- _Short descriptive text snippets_
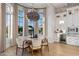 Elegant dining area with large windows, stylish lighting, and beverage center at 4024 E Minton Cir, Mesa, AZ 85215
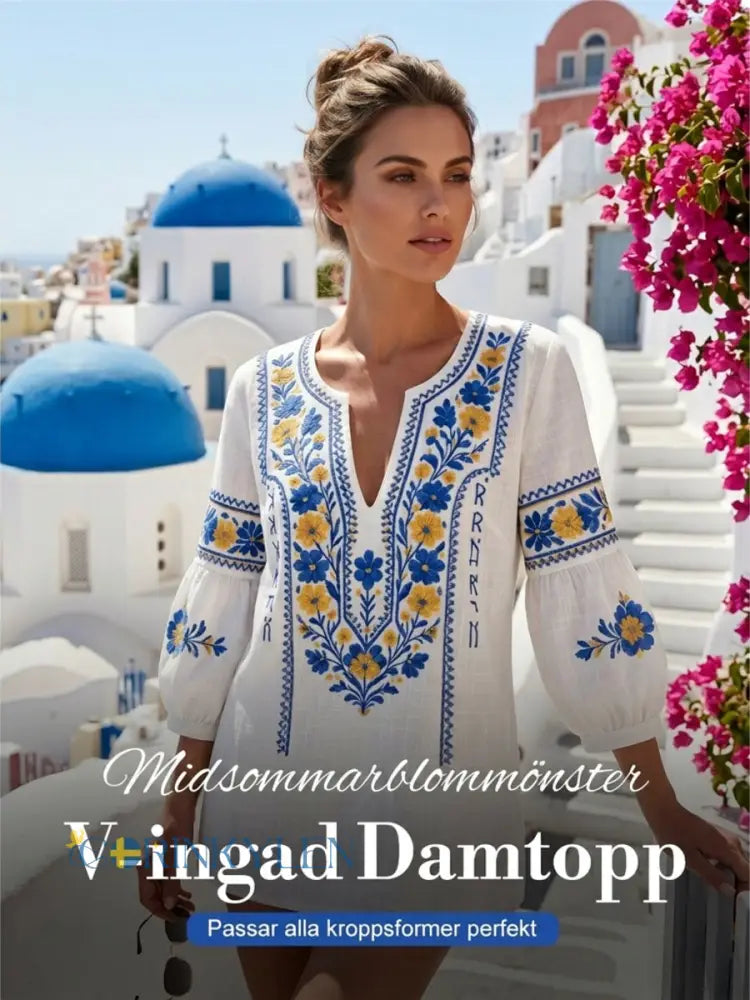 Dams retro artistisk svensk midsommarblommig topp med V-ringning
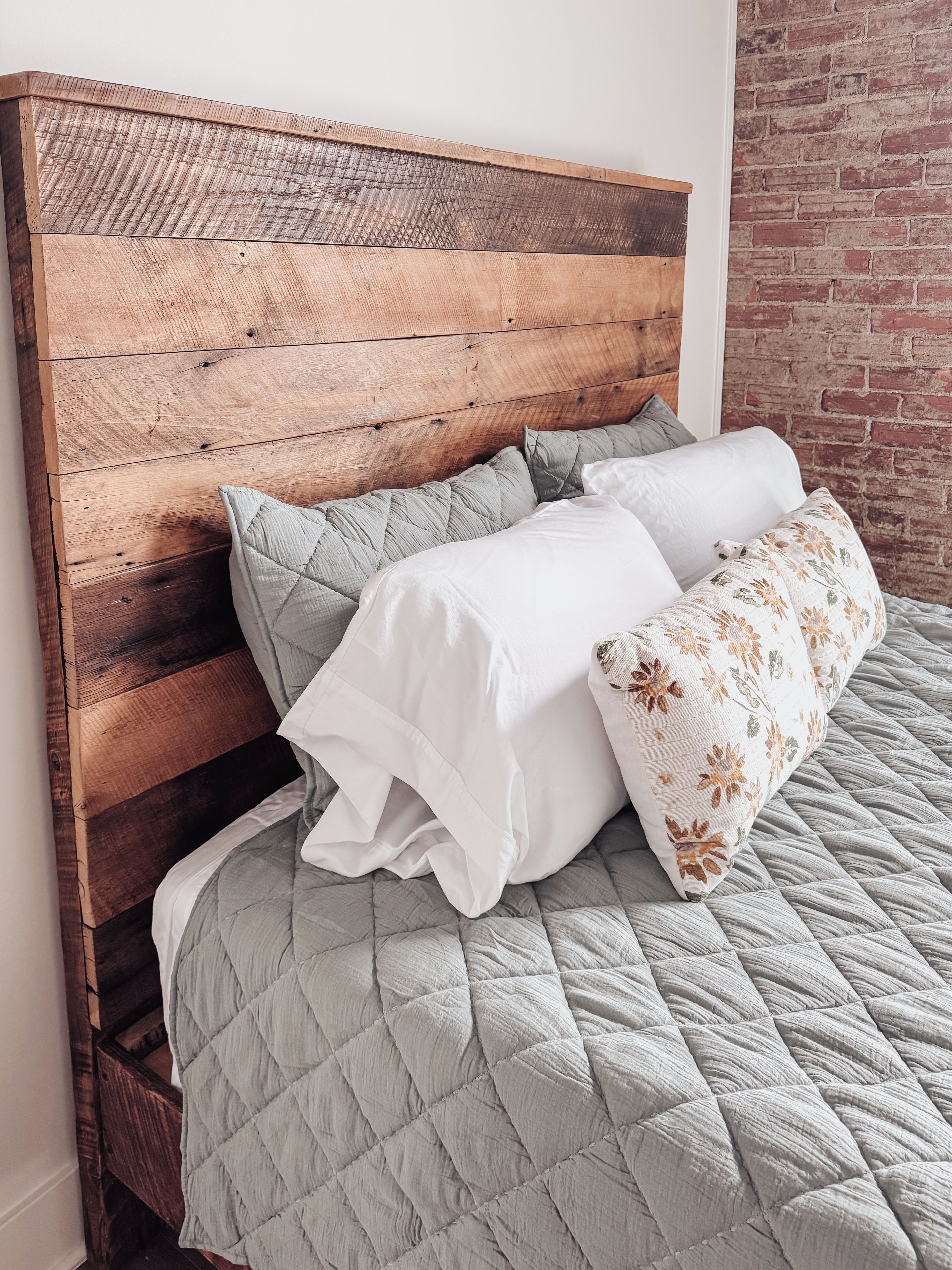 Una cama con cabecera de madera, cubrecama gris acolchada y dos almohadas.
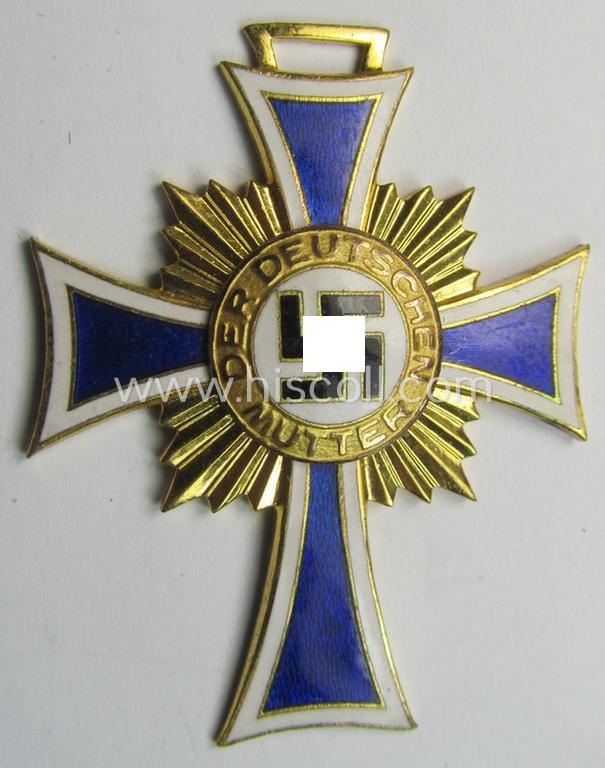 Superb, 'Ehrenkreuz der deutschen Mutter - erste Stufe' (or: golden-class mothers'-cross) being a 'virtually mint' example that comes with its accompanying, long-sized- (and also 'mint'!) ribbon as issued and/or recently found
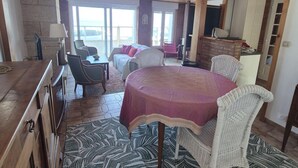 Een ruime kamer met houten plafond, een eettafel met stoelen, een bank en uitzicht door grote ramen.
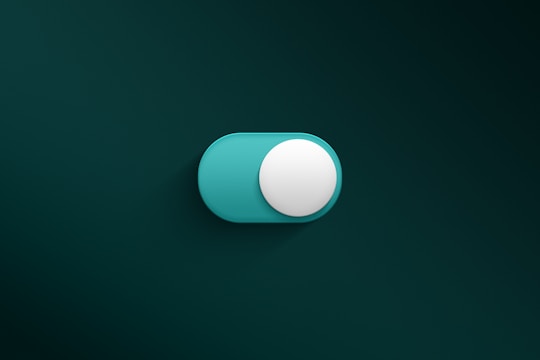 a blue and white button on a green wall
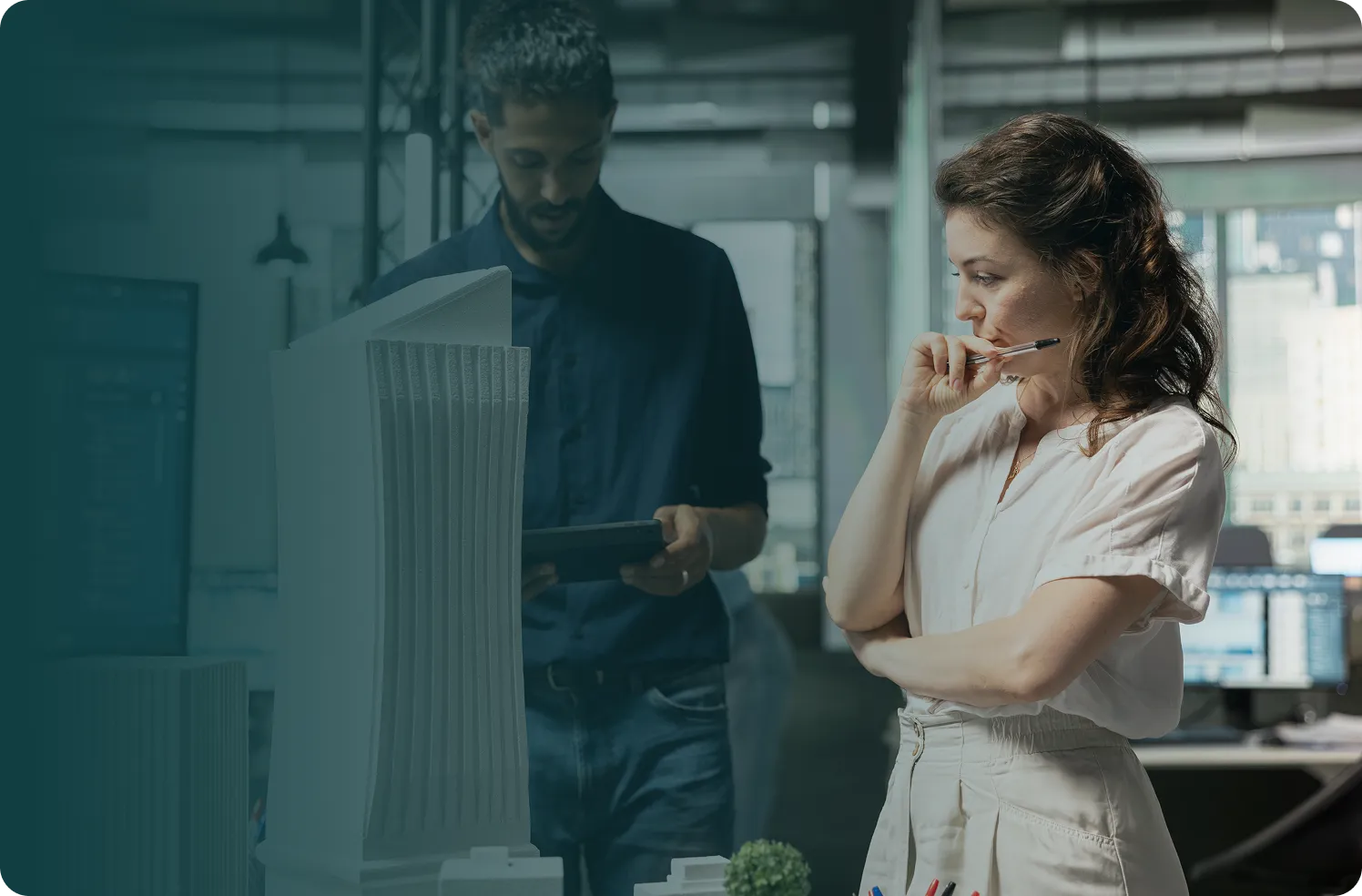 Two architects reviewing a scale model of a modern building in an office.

- _EXERCISE OBJECTIVE_
An exact copy of all the entries is required, and it must contain no pictures.

- _OUTPUT FOR THIS TASK_
 Elegant dining area with large windows, stylish lighting, and beverage center at 4024 E Minton Cir, Mesa, AZ 85215
 Dams retro artistisk svensk midsommarblommig topp med V-ringning
 Una cama con cabecera de madera, cubrecama gris acolchada y dos almohadas.
 Superb, 'Ehrenkreuz der deutschen Mutter - erste Stufe' (or: golden-class mothers'-cross) being a 'virtually mint' example that comes with its accompanying, long-sized- (and also 'mint'!) ribbon as issued and/or recently found
 Een ruime kamer met houten plafond, een eettafel met stoelen, een bank en uitzicht door grote ramen.
 a blue and white button on a green wall
 Two architects reviewing a scale model of a modern building in an office.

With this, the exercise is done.